Robinson, who played 18 NBA seasons, used his shooting range as a tool to earn minutes in a crowded rotation early in his career, but he never saw himself as strictly a specialist.

"I also scored almost 20,000 points in my career, and that wasn't just from shooting three-pointers," Robinson said.

Entering the league as a young player on a championship-contending Portland Trail Blazers team, Robinson needed to be versatile to break into a rotation that included established NBA players like Clyde Drexler, Terry Porter, Jerome Kersey, Buck Williams and others. But the foundation of his success was his sweet perimeter jumper and, unlike many big men in his era, he wasn't afraid to show that off.

"For me, I always worked on that shot and had the confidence to take it if I was open," Robinson said. "A lot of times, you see big guys who work on the shot and who can make it in practice, but they don't have the confidence to take them in games. I always felt like if I'm going to work on this, I'm going to have the confidence to take it."

Robinson was simply trying to differentiate himself enough to earn minutes as a young player in a deep rotation. What he and other shooting bigs of his era were really doing was revolutionizing how NBA basketball is played.

"I'm glad to be kind of a pioneer of letting it be known that big guys don't have to just be inside players," said Terry Mills, another stretch-four trailblazer in the 1990s.

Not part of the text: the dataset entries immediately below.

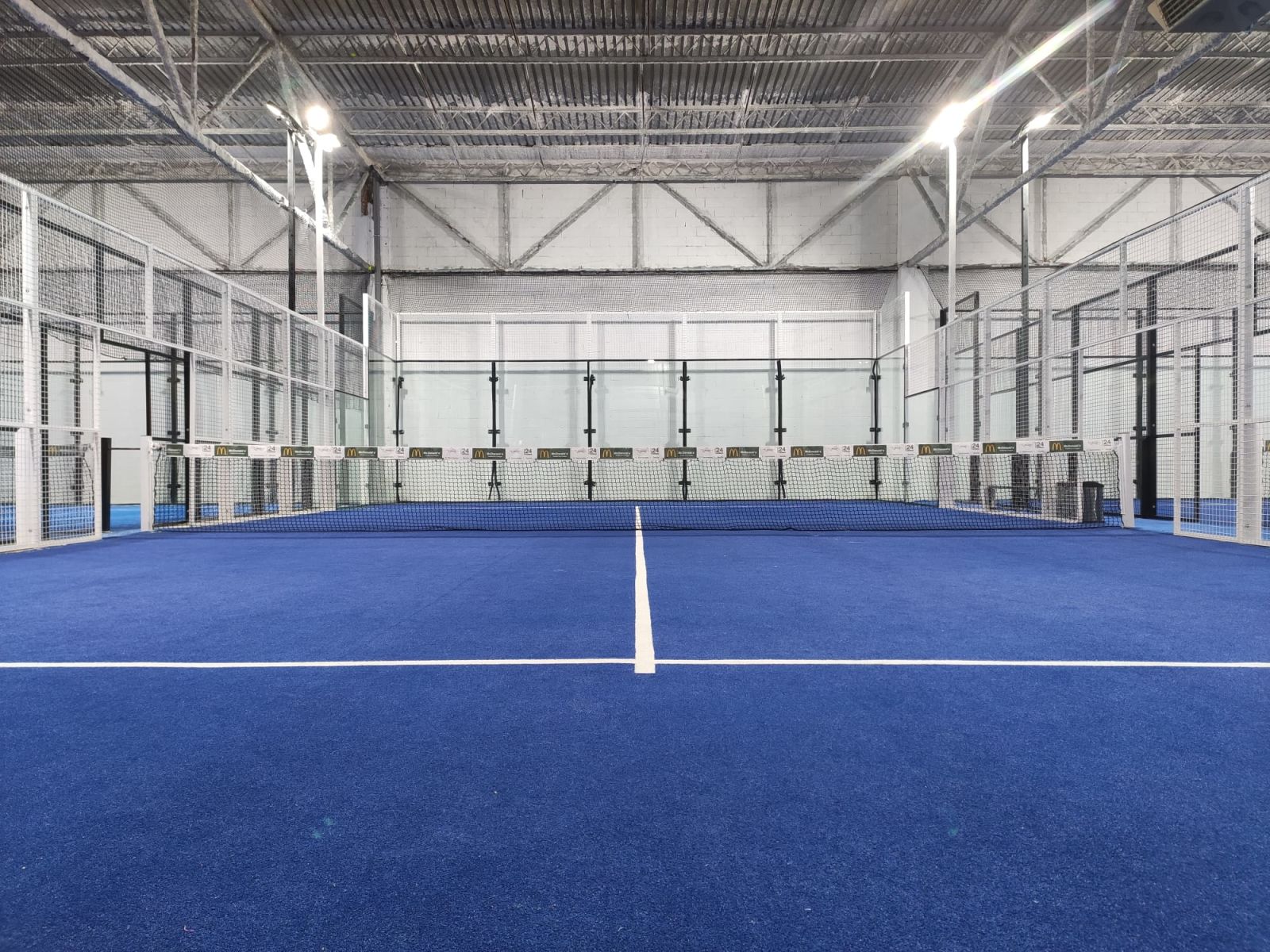 Iron Padel Indoor Sevilla — photo 2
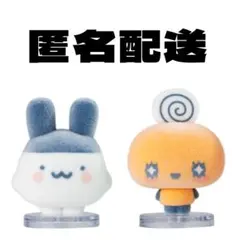 カプセルフロッキーズ たまごっち　みみっち　めめっち　フロッキー　ガチャガチャ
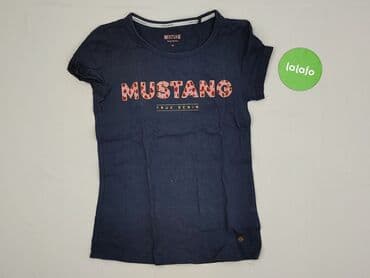 t shirty tommy hilfiger basic: Mustang, T-shirt damski, rozmiar XS — 2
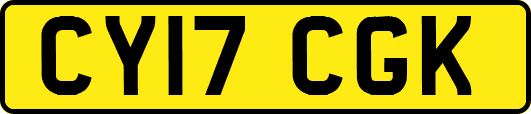 CY17CGK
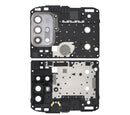 Encuentra el lente de cámara trasera con soporte para Motorola Moto G10 (XT2127-2 / 2021) en Quetzaltenango.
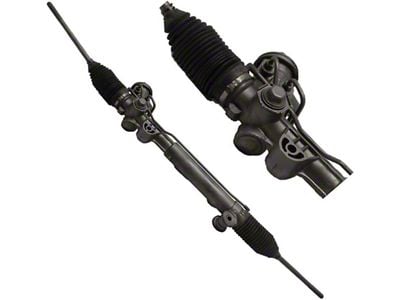 Power Steering Rack and Pinion (80-84 Mustang w/ 1-Piece Gear & w/o Performance Suspension)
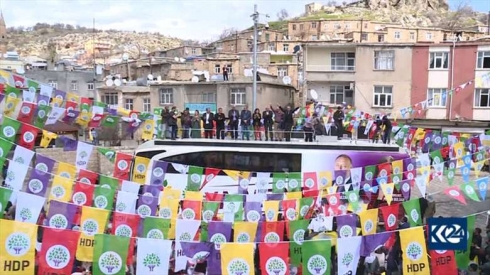 Namzedên Pîranê: Bi tifaqê em ê serkeftinên mezin bi dest bixin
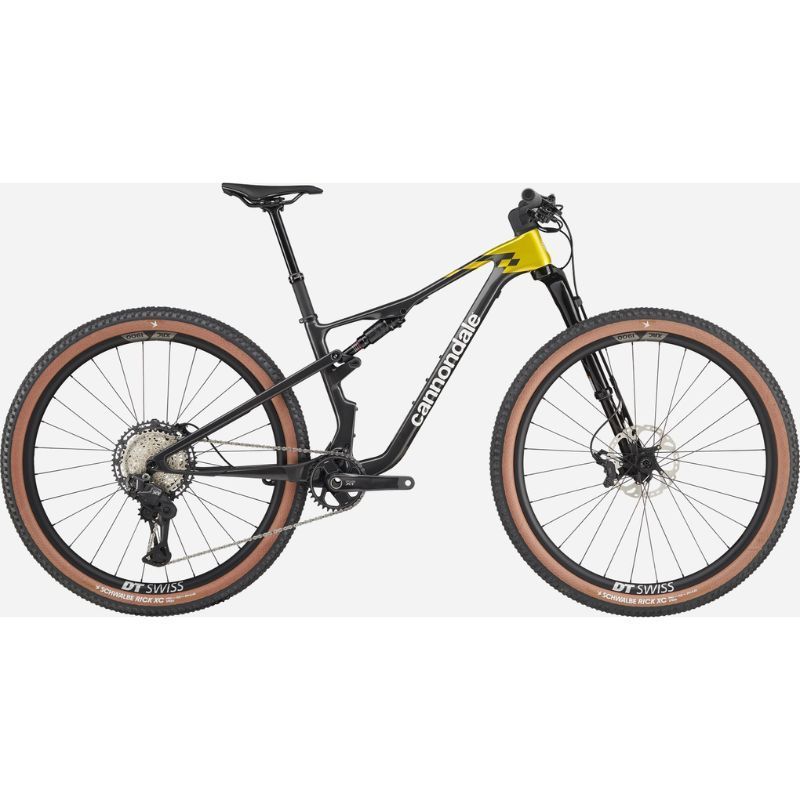BICI CANNONDALE SCALPEL CARBON 2 LEFTY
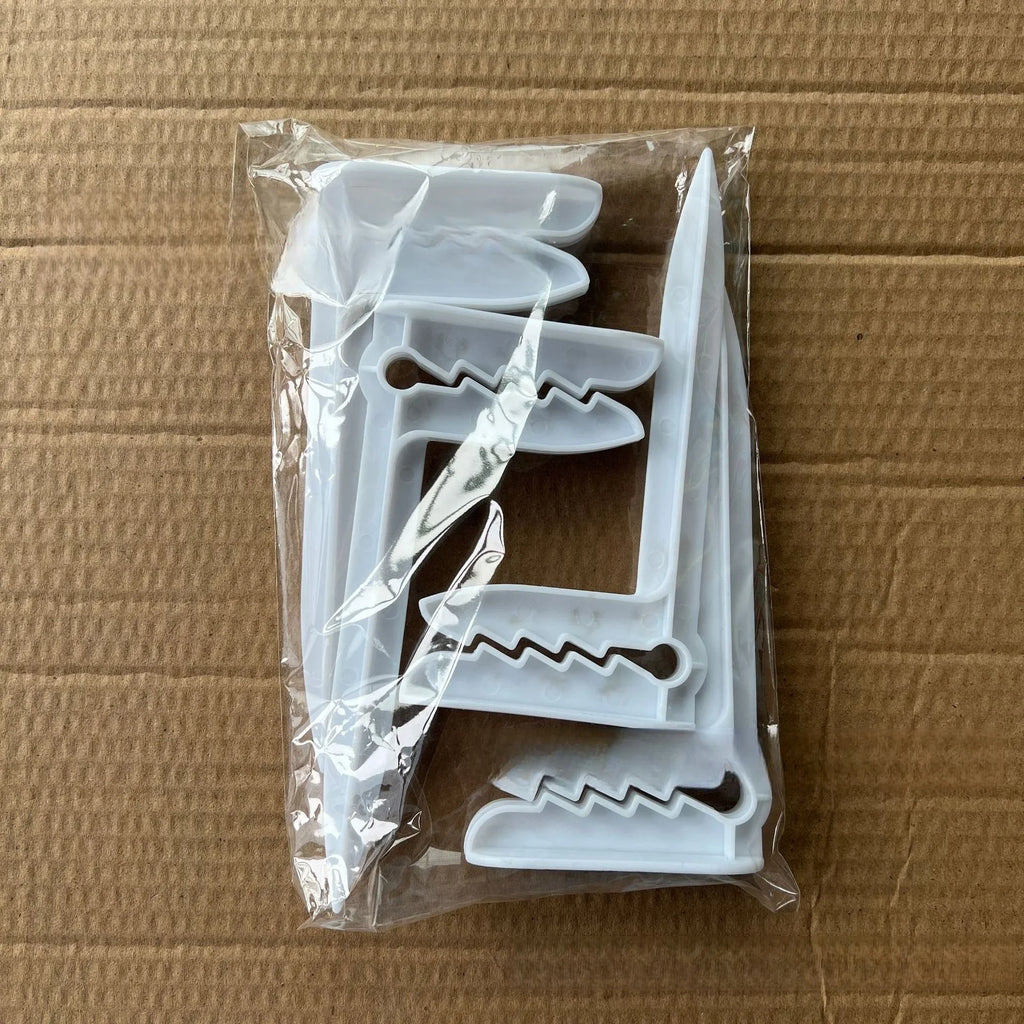 Beach Towel Clips – 4 Pack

Unlike the stretch fours in the game today, Robinson and Mills -- two of just 12 players 6'9 or taller to average three or more three-point attempts per game in a single season prior to the 2000 season -- and other shooting big-man pioneers started their careers in an era where they had to justify their existence in other ways. It was great that they could shoot, but they still battled with a traditional definition of what big men were supposed to do.

"There was always pressure to get around the basket," Robinson admitted.

That pressure on bigs with range has declined in the last 20 years. In the 1992-93 and 1993-94 seasons, only one player 6'9 or taller averaged more than three three-point attempts per game in each of those seasons. This season, 15 players 6'9 or taller are averaging at least three attempts per game.

"When I was growing up, I was a fan of guard play, so I tended to gravitate outside," Robinson said. "Then, I just tried to combine inside and outside play. It's about having an overall presence on the floor. The more you do, the better chance you have of getting to play."

Robinson wasn't the only one. As a first-round draft pick out of the University of Michigan in 1990, Mills entered the NBA as a typical back-to-the-basket big man.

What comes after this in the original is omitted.